_Exercise_. Could you give the entries back exactly as they stand, minus any pictures?

[Crawled caption data]
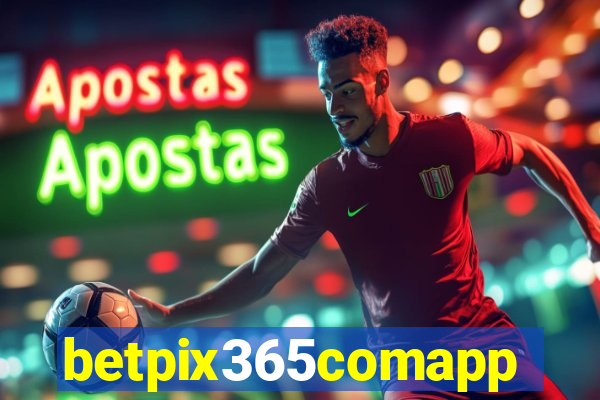 betpix365comapp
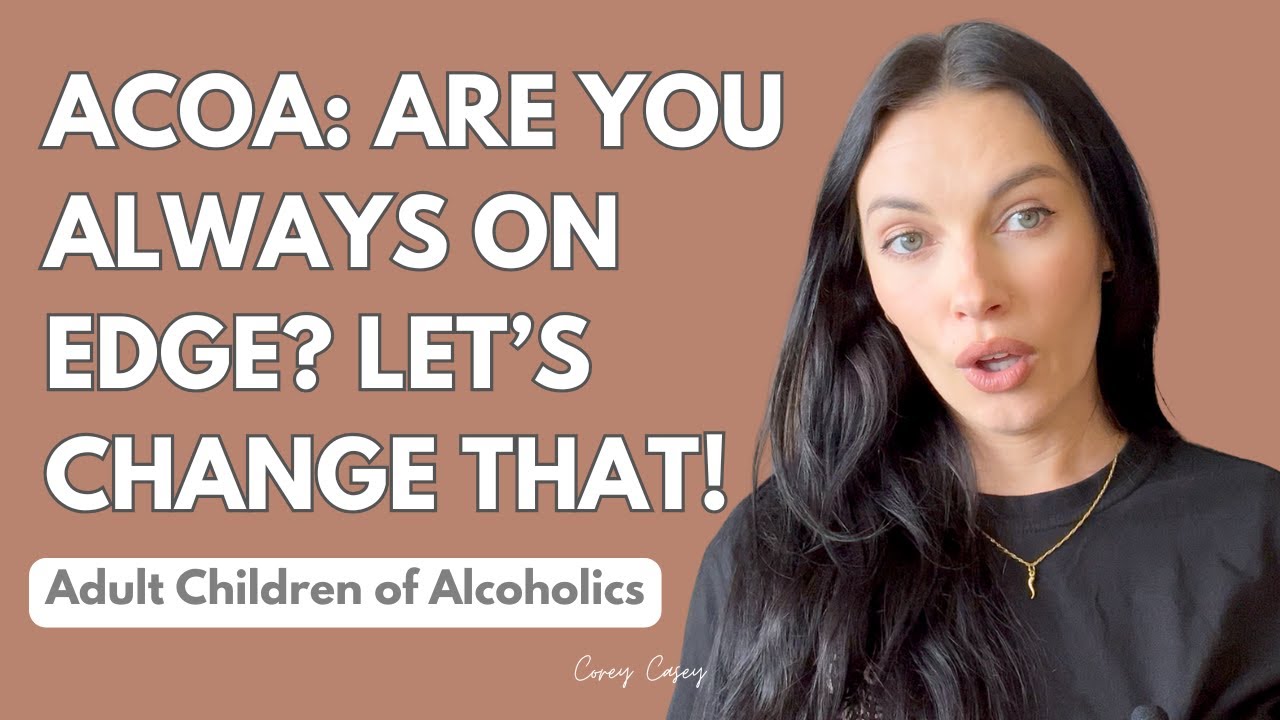 ACOA: Why You’re Always on Edge (and How to Step Out of Survival Mode)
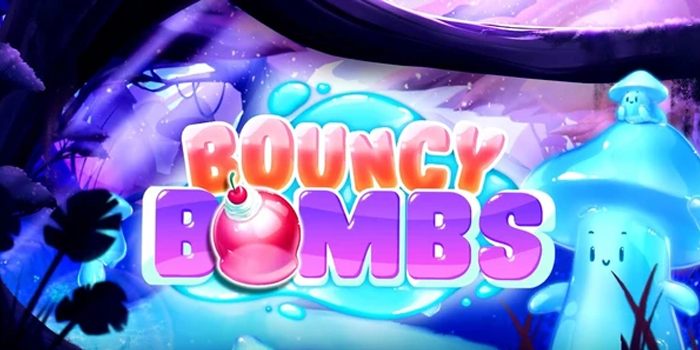 Panduan Lengkap Bermain Slot Bouncy Bombs Untuk Pemula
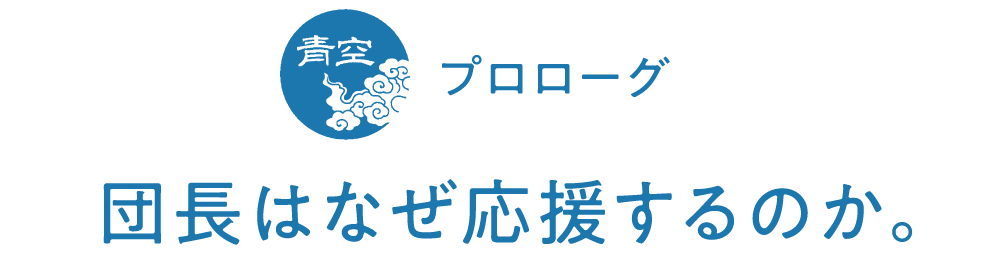 プロローグ　団長はなぜ応援するのか。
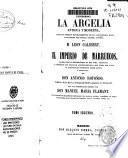 La Argelia, antigua y moderna, des de los primeros establecimientos de los Cartagineses, hasta la espedicion del General Randon en 1853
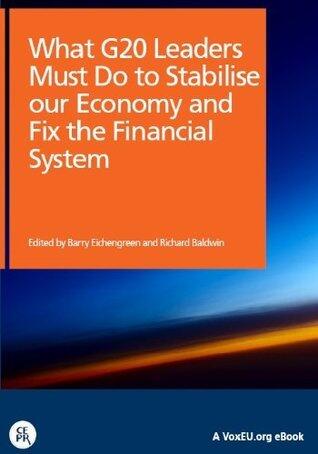 What G20 Leaders Must Do to Stabilise our Economy and Fix the Financial System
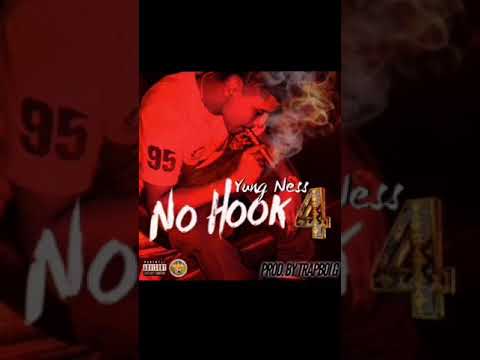 Yung Ness - No Hook 4 (Prod. By Trapboi G)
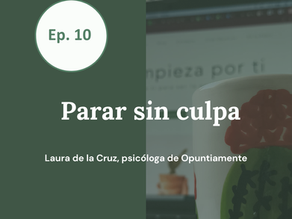 SErenamente Ep. 10—Parar sin culpa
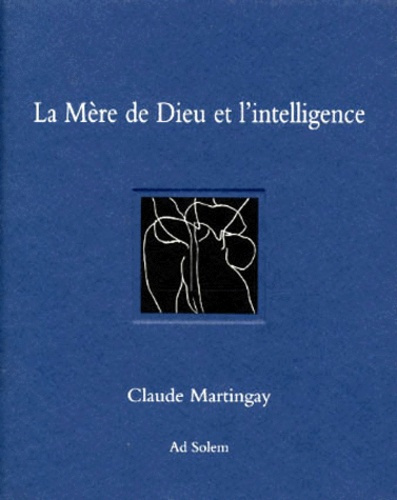 LA MERE DE DIEU ET L'INTELLIGENCE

_Solution for this task_.
 betpix365comapp
 ACOA: Why You’re Always on Edge (and How to Step Out of Survival Mode)
 Panduan Lengkap Bermain Slot Bouncy Bombs Untuk Pemula
 プロローグ　団長はなぜ応援するのか。
 La Argelia, antigua y moderna, des de los primeros establecimientos de los Cartagineses, hasta la espedicion del General Randon en 1853
 What G20 Leaders Must Do to Stabilise our Economy and Fix the Financial System
 Yung Ness - No Hook 4 (Prod. By Trapboi G)
 SErenamente Ep. 10—Parar sin culpa
 LA MERE DE DIEU ET L'INTELLIGENCE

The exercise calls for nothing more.